We've become so accustomed in our (post-) modern, consumer-driven society to consuming our nutrients in pill form as concentrated, isolated elements.  This is not how our biological systems optimally function.  It is best to get our nutrients from whole foods.  Prepared correctly within its cultural context/foodways, medicinal herbs are an excellent way to obtain these nutrients.  

Before you run off and start adding this to your chia-goji-quinoa-dragon fruit-blue green algae-superfood smoothie, keep in mind: Like any medicinal plant, pennywort is best to drink in moderation and not on a ongoing, daily basis. There is conflicting info about using this herb during pregnancy and breastfeeding mostly because no one has officially studied its use in mothers (this is true of most herbal remedies even when folk medicinal practices do condone it during the childbearing year).  Use your own common sense.

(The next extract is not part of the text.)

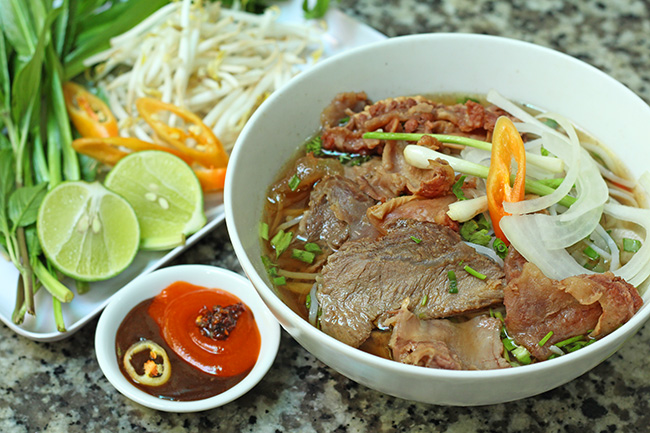 Bún bò Huế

Straight up now tell me do you want to love me forever?  Woah oh oh! Or are you just having fun?

Word to the Mutha!

Aaaaaaand... I couldn't resist Mr. T's rap about yo mama.

*I'm not clear on the etymological/ethnobotanical origins of Rau má which translates as "mother's herb".  Some Western herbalists purport that it aids in breastfeeding.  I haven't heard of any mother-specific uses in Viet folk medicine, but then I've never investigated it.

** I've been informed by a careful reader that Lei Gong Gen | Thunder God Vine is actually a different TCM plant Tripterygium wilfordii that is mistakenly attributed as Pennywort and is toxic if not consumed properly.  Thanks, Hai for catching that!